Um áudio do ministro da Educação, Milton Ribeiro, detonou uma crise no ministério nesta terça-feira (23), que dá sinais de se estender pelos próximos dias. Na gravação, divulgada inicialmente pelo jornal “Folha de S. Paulo”, o ministro admite que, a pedido do presidente Jair Bolsonaro, repassa verbas do ministério para municípios indicados por pastores.
Depois que o áudio foi revelado, o ministro negou que Bolsonaro tenha feito o pedido e negou também que os pastores influenciam nas decisões do MEC.
Apesar das negativas de Ribeiro, a situação política dele no comando da pasta se tornou instável. Os desdobramentos da denúncia vão ser decisivos para o futuro do ministro.
No áudio gravado durante uma reunião de Milton com prefeitos, o ministro diz:
“Foi um pedido especial que o presidente da República fez para mim sobre a questão do [pastor] Gilmar.”
Na reunião, estavam presentes, além dos prefeitos, os pastores Gilmar Santos e Arilton Moura.
Mais à frente, o ministro acrescenta:
“Porque a minha prioridade é atender primeiro os municípios que mais precisam e, segundo, atender a todos os que são amigos do pastor Gilmar.”
Em determinado ponto da reunião, o ministro diz ainda que há uma contrapartida para esses repasses, mas não dá detalhes sobre isso.
“Então, o apoio que a gente pede não é segredo. Isso pode ser [inaudível] é apoio sobre construção das igrejas”, disse.
O pastor Gilmar Santos tem 61 anos, é nascido em São Luís (MA) e comanda o Ministério Cristo Para Todos, uma das várias ramificações dentro da Assembleia de Deus, em Goiânia.
Segundo perfil escrito pelo próprio pastor em páginas nas quais oferece cursos de teologia, ele é formado em teologia e doutor em divindade.
O pastor já pregou na Ásia, na Europa, na África e na América do Norte, dirige o Instituto Teológico Cristo para Todos (ITCT) e preside a Convenção Nacional de Igrejas e Ministros das Assembleias de Deus no Brasil (Conimadb).
O pastor Arilton Moura não é ativo nas redes sociais. Em um de seus perfis aparece como residente no Pará. Segundo a Conimadb, ele preside o Conselho Político da entidade.
Em 30 de maio de 2018, foi nomeado para o cargo de secretário estadual extraordinário de Integração de Ações Comunitárias pelo então governador do Pará Simão Jatene (PSDB). Foi exonerado do cargo no dia 1º de novembro do mesmo ano.

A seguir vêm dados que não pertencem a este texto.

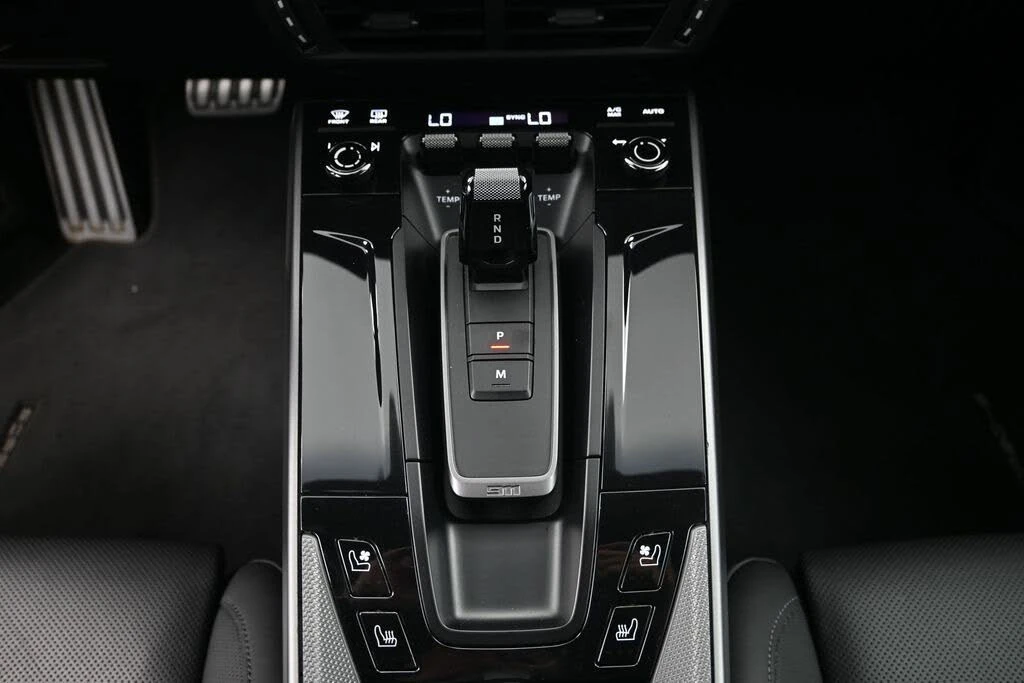 2025 Porsche 992 Carrera S - Image 16 of 31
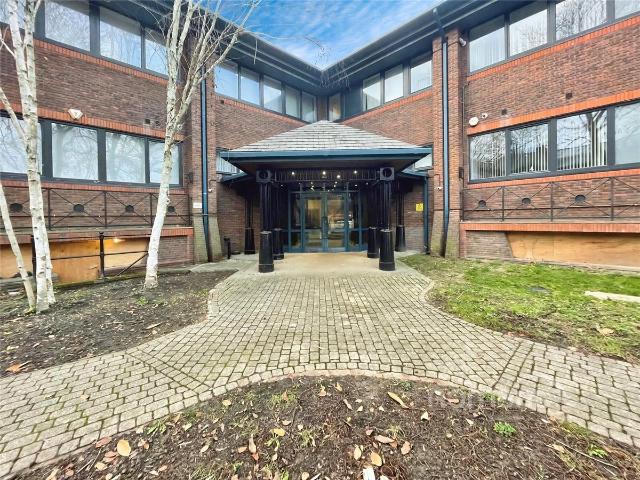 Apartment for rent in Elvetham Heath, Hart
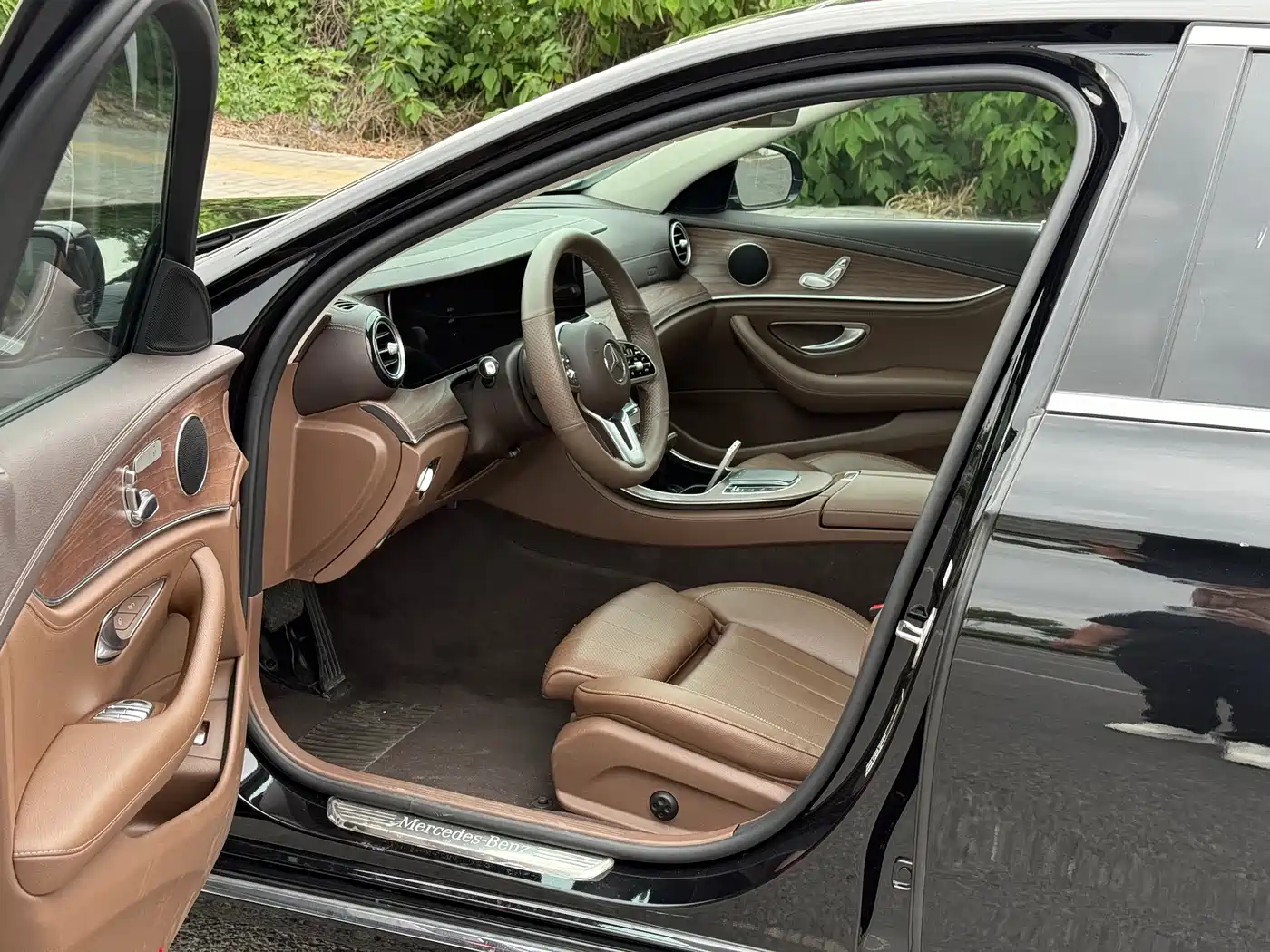 Mercedes-Benz E-Class 2020 E 260 L фото 8
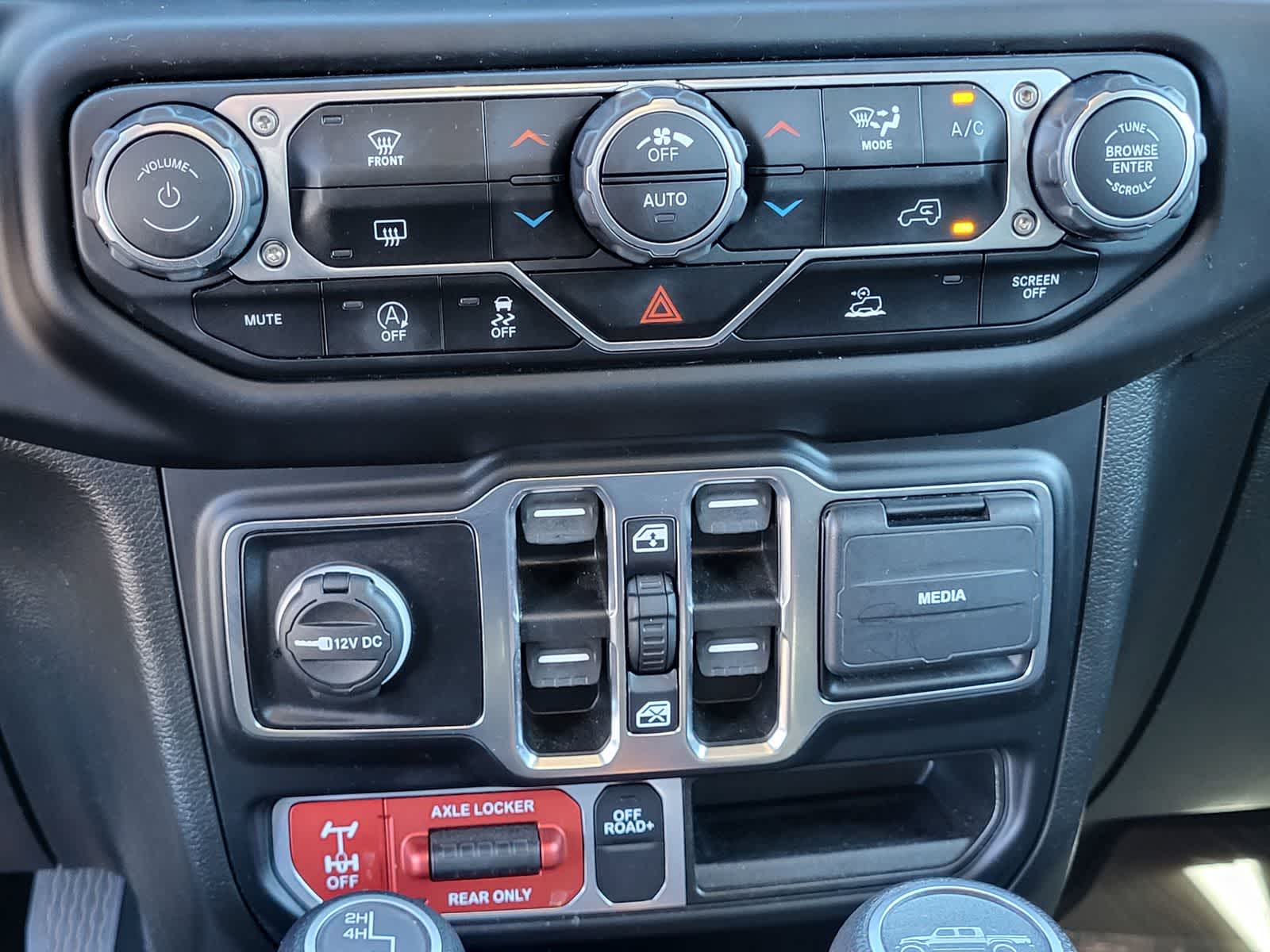 Thumbnail: 2022 Jeep Gladiator - 21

O pastor também aparece em registros do Tribunal Regional do Pará (TRE-PA) como presidente estadual do antigo PHS, incorporado pelo atual Podemos.
Os pastores Gilmar Santos e Arilton Moura são personagens com trânsito em gabinetes de altas autoridades em Brasília.

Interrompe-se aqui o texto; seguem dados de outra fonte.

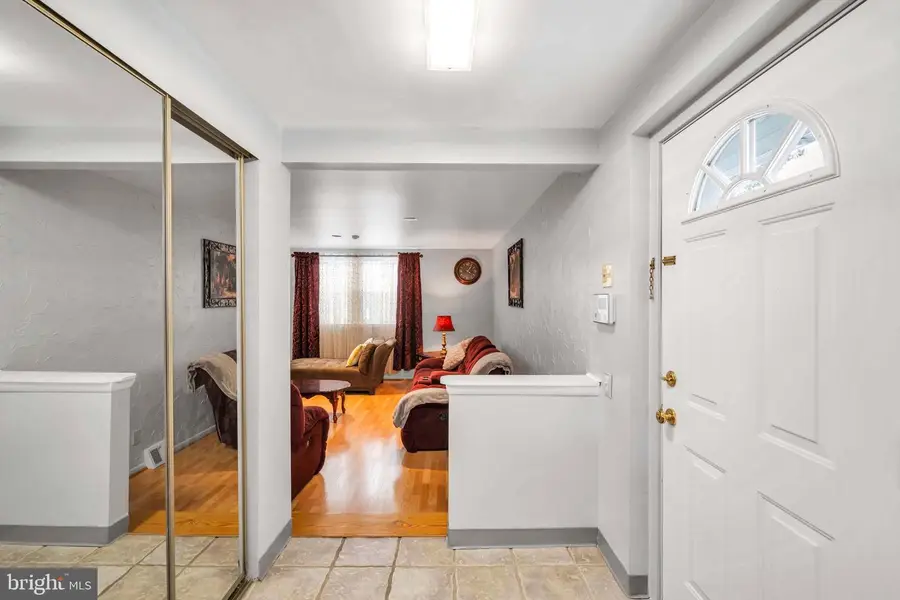 1100 Surrey Rd, Philadelphia, PA 19115 - #3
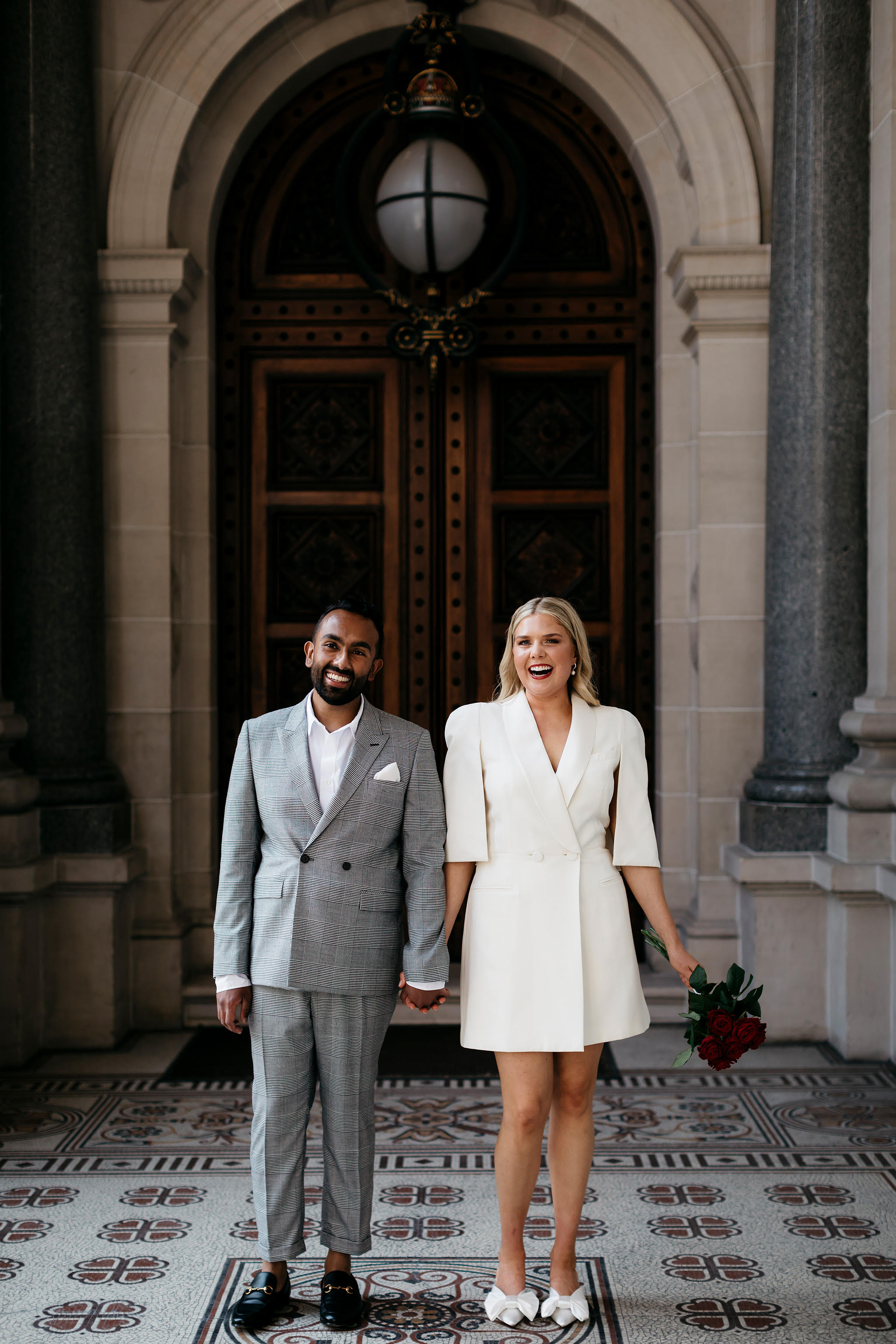 41 Courthouse Wedding Dresses for the Most Chic Wedding Day Look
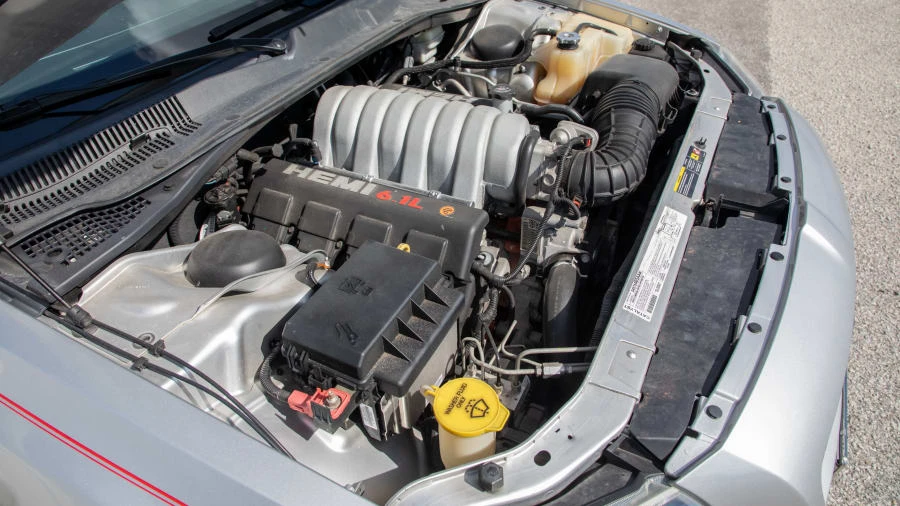 2006 Dodge Magnum SRT8 2nd Gen - Image 7 of 12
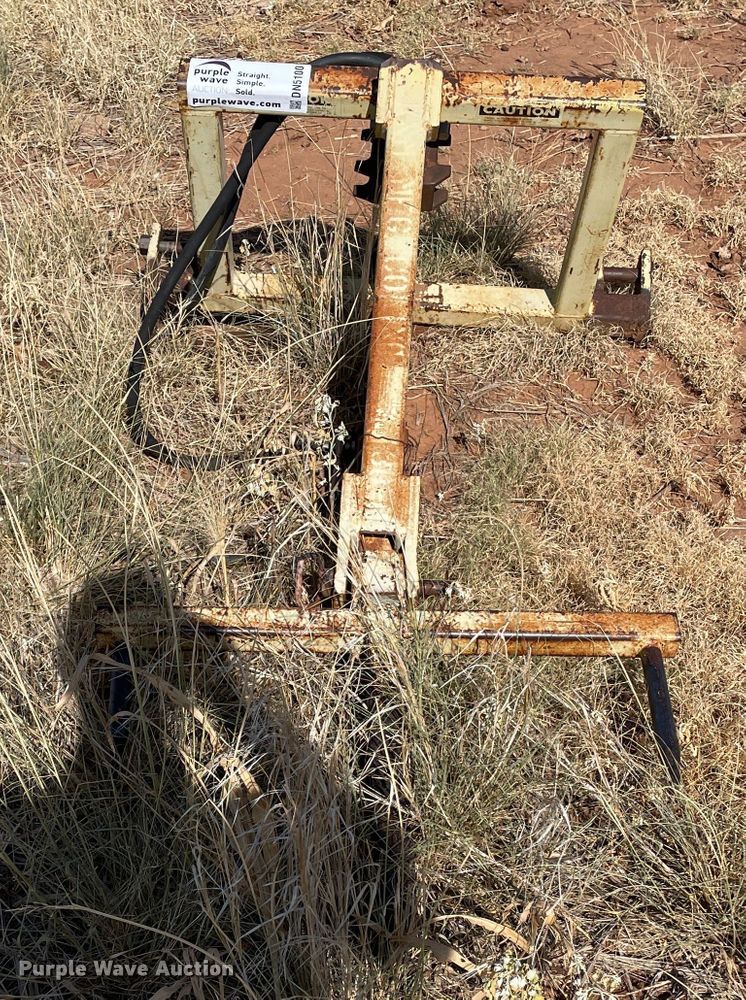 image for item DN5100 K&M Hay King 30-8  bale spear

Em 2019, primeiro ano do mandato, estiveram com o presidente Jair Bolsonaro no Palácio do Planalto. Primeiro, em abril, Gilmar Santos foi fotografado ao lado do presidente em uma solenidade.
Em outubro daquele ano, também no palácio, os dois participaram de um evento em que o presidente estava presente e, de acordo com registros oficiais do governo, entregaram a Bolsonaro um livro produzido pela Conimadb.

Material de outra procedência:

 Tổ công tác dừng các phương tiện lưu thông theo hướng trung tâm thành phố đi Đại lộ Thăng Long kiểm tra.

Em uma rede social, Conimadb mostra outro encontro dos dois pastores com Bolsonaro, dessa vez em fevereiro do ano passado.
Em dezembro último, eles estiveram com o ministro da Casa Civil, Ciro Nogueira.
E também em 2021 os dois se reuniram 18 vezes com Milton Ribeiro, de acordo com registros oficiais.
A agenda do ministro afirma que esses encontros eram de “cortesia” ou para tratar de “obras” ou de “alinhamento político”.
Após a repercussão do áudio, o ministro da Educação buscou se justificar. Ele disse, em nota, que Bolsonaro não fez pedido de favorecimento para os pastores.
“Não há nenhuma possibilidade de o ministro determinar alocação de recursos para favorecer ou desfavorecer qualquer município ou estado”, afirmou.
“Registro ainda que o presidente da República não pediu atendimento preferencial a ninguém”, completou o ministro.
Entidades da área de Educação disseram que Milton Ribeiro perdeu as condições de comandar o MEC.
Segundo a União Nacional dos Estudante (UNE), a União Brasileira de Estudantes Secundaristas (UBES) e a Associação Nacional dos Pós-Graduandos (ANPG), o ministro estabeleceu no MEC um gabinete paralelo que funciona “às margens da legalidade”.
“No momento em que vivemos a maior crise da educação brasileira, quando milhares de jovens evadem das escolas e universidades e pós-graduandos padecem com 9 anos de bolsas congeladas, realidade que exigiria do Ministro um grande esforço para reverter esse cenário, vimos o ministério ser transformado num grande balcão de negócios a céu aberto para alimentar esquemas eleitorais do presidente”, escreveram as entidades.
Entre os partidos políticos, também houve reação. Parlamentares de oposição apresentaram ao Supremo Tribunal Federal (STF) notícias-crime contra o presidente Jair Bolsonaro e o ministro da Educação, Milton Ribeiro, por suposto favorecimento a pastores na distribuição de verbas públicas.
Além disso, foram apresentados pelo menos cinco pedidos na Câmara para Milton Ribeiro dar explicações no plenário. Os pedidos ainda precisam ser aprovados.